After examining all options, I decided to attempt an RGP fit. I sat the patient down and convinced him to try these lenses again because I felt it was his best option. Thankfully (and luckily), he trusted me, and we decided to give it another shot. After two remakes, we ended up with a 9.5-mm diameter bitoric minus carrier RGP lens. The patient achieved better than 20/20 vision and had tears in his eyes because he had never seen so well.

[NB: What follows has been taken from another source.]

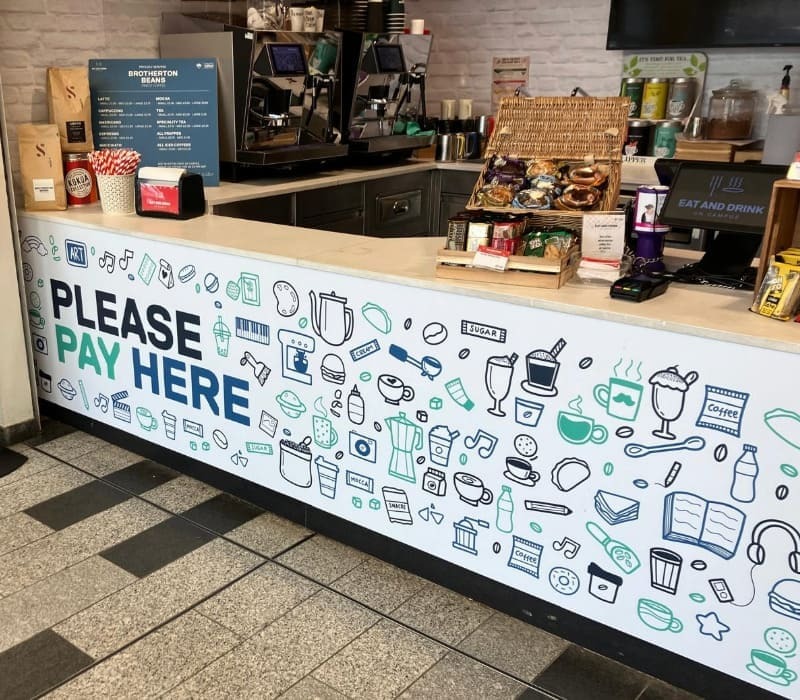 Striking large format graphics installed by Impression at the University of Salford’s Studio café in the New Adelphi Building.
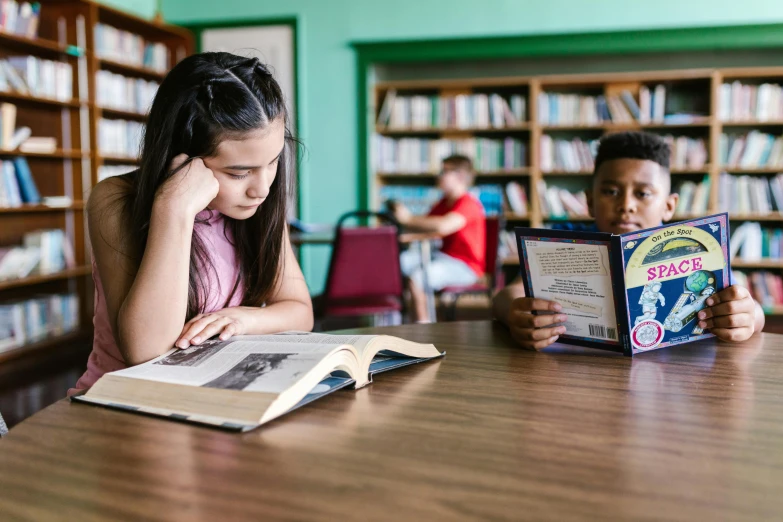 children look through a book while sitting at the table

All this to say, don’t forget about your friendly RGP lenses from your specialty lens labs. Not only has technology advanced substantially in scleral lenses, progressive glasses, and scleral lenses, but so too has it come a long way in RGP lenses. The materials are superior, the edges more forgiving, and the coatings better than ever. Had I given up because the scleral lenses failed, this patient would have remained unhappy for who knows how long. RGPs are forgotten heroes of the contact lens world!
IMAGE OF THE WEEK
Limbal stem cell deficiency.

Paul Hammond, OD, FAAO, @kmkoptometrypro
QUOTE OF THE WEEK
“Your most unhappy customers are your greatest source of learning.”